電子機械科 2025年卒業 小宮山 陽世
東京電機大学 機械工学科
今こんな勉強をしています!
機械工学科でワークショップという実習を通してバイクの分解、エンジンの分解などを行っています。その他には、工業力学やコンピュータプログラミングなどの専門科目を学びました。どの講義も川崎総合科学で学んだ専門的な知識や技術が活かされています。
高校時代の思い出
高校時代は3年間陸上競技部に所属していました。陸上競技は私にとって初めての挑戦だったので壁にぶつかる事が多くありましたが、先生や友人のおかげで3年間走り切れました。実習などで専門的は学びを得た事も印象的ですが、部活で培った経験が強く思い出に残っています。
電子機械科 2025年卒業 狩谷 晴翔
東京都市大学 情報システム学科
今こんな勉強をしています!
大学では基礎的な教養科目に加え、実践的なプログラミングから社会で必要になる基礎的な法律や情報の流れを学んでいます。高校で学んだことも多くありますが、それを糧に周囲の学生と交友を深めることができます、サークル活動も多くあるので楽しく学校生活を送れています。
高校時代の思い出
私は、モータースポーツ部に所属していました。3年生の時、大会に向けて車体の外装作りに励みました。FRPを用いた外装作りは意外にも難しく、思った通りにできないことが多くありました。しかし、車体が仕上がった時には達成感に満ち溢れ、とても良い思い出になっています。
電子機械科 2025年卒業 小竹 克実
日本電気株式会社(NEC)
今こんな仕事をしています!
宇宙機といわれる人工衛星や惑星探査機の製造・検査に携わっています。特に、品質保証において大事な検査では製品の使用を完全に満たしているかを確認する必要があり繊細な仕事にやりがいを感じています。
高校時代の思い出
部活動で、モータースポーツ部で一年をかけて車両を作り上げて走行させる活動をしていました。特に、計画を立てて取り組むことや。自身が仲間の能力を適切に把握することの大切さなど、様々なことを学ぶことができました。
電子機械科 2025年卒業 中澤 慧
株式会社ミツトヨ
今こんな仕事をしています!
測定器の部品を加工するマシニングセンタの操作段取りを行っています。ひとりで任される仕事や覚える業務が多く、大変な面もありますが指導員や先輩方がわかりやすく丁寧に教えてくれるので安心して仕事をすることができます。
高校時代の思い出
普通旋盤の技能士検定3級を取得したことが一番印象に残っています。
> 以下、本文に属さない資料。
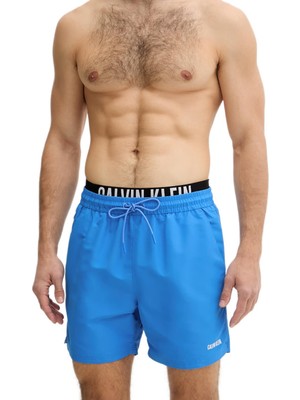 Calvin Klein Erkek Orta Boy Bağcıklı Deniz Şortu LV00N61015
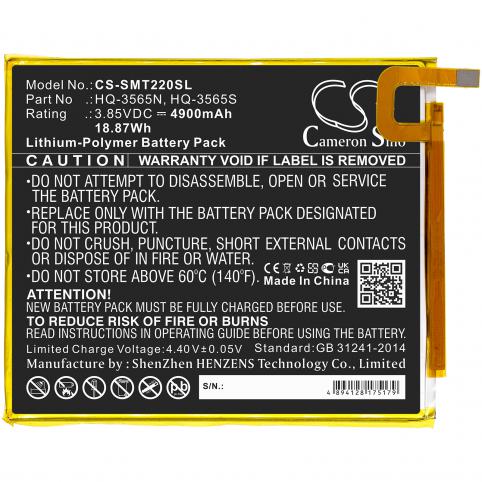 Batterij tablet samsung sm t225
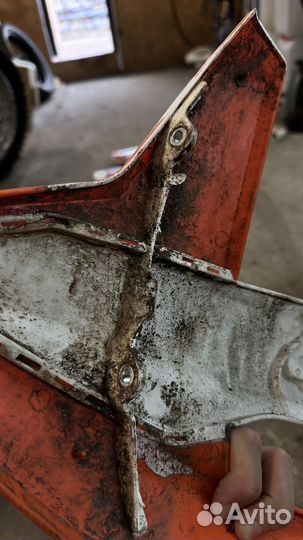 Пластик копия KTM 19-21г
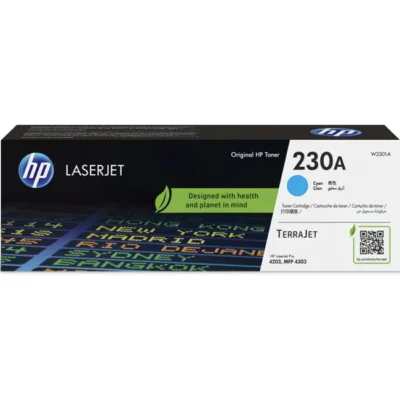 Toner HP 230A Ciano W2301A 1.800 Pag.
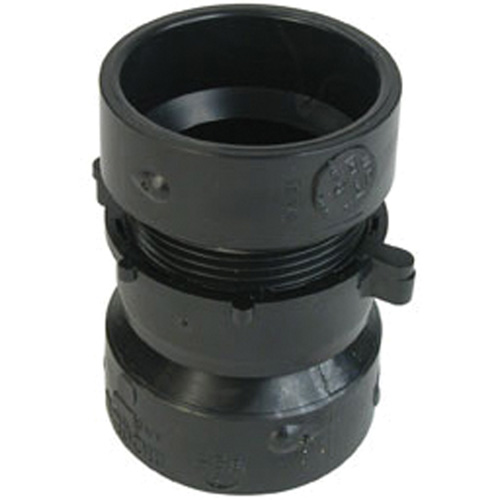 Raccord union, 1-1/2", Plastique, Noeud x noeud Groupe Belzile Dickner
仕事の中で旋盤を使う機会がありましたが、学んだことを活かすことができました。他にも測定器の使い方などたくさんのことを活かすことができました。
電子機械科 2025年卒業 松坂 蒼士
東急電鉄株式会社
今こんな仕事をしています!
4年、8年毎に行われる大規模な検査のパンタグラフの整備点検を行っています。独り立ちするまで先輩社員がマンツーマンで教えてくださるため、不安なく作業に取り組むことができます。自分が整備したパンタグラフが実際の車両に付き、走行しているのを見るとやりがいを感じます。
高校時代の思い出
生徒会での活動が思い出に残っています。仕事はチームワークが大切なので行事運営や委員会等でのコミュニケーション能力が現在の仕事に生かされていると感じます。
○一人 ひとりが生涯 にわたる「well-being」を実現するための資質や能力を育みます。
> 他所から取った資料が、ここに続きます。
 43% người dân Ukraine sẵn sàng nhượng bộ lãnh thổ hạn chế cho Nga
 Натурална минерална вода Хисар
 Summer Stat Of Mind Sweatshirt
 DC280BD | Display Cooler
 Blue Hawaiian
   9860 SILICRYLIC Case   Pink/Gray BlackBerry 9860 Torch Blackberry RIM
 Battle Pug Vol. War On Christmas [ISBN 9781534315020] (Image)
○第4次産業革命が進む産業界において、自身の専門性を発揮して変化に対応し、多様な他者と協働的に活躍するための資質や能力を育みます。
カリキュラムポリシー
○専門学科として生徒一人ひとりの興味や関心に応じた学習や、進路実現に応えることができるよう、柔軟性の高いカリキュラムを編成します。
具体的な取り組み
○全国屈指の設備を用いて機械、電気・電子及び情報分野の学習を体系的に行うことで、ものづくりに係る視野の拡大を図ります。
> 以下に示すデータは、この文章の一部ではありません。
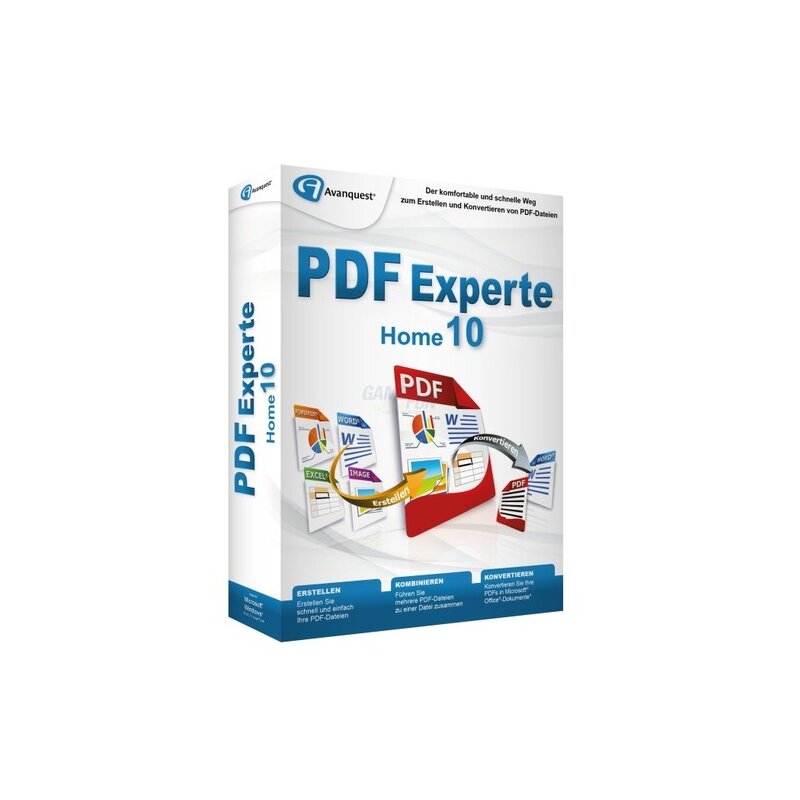 Avanquest PDF Experte 10 Home Vollversion MiniBox Avanquest PDF Experte 10 Home Vollversion MiniBox
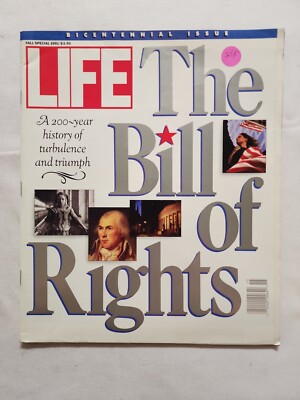 1991 Fall Special LIFE Bicentennial Issue 200 Year History Turbulence  (MH353)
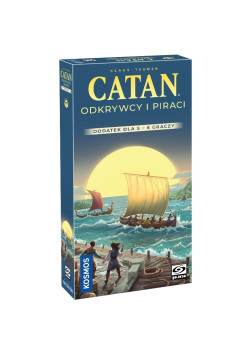 Catan - Odkrywcy i Piraci - dodatek dla 5-6 graczy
○相互理解の深化や、思考力・判断力・表現力を伸長するために、対話的な協働学習を重視します。
○一人ひとりの自己実現に向けて、礎となる基礎学力の定着に向けた活動に取り組みます。
アドミッションポリシー
○「ものづくり」に興味・関心を持ち、社会に貢献する意欲のある生徒。
○何事にも目的意識を持ち、他者と協力しながら取り組める生徒。
○好奇心が豊かで自ら学び、自ら考えることのできる生徒。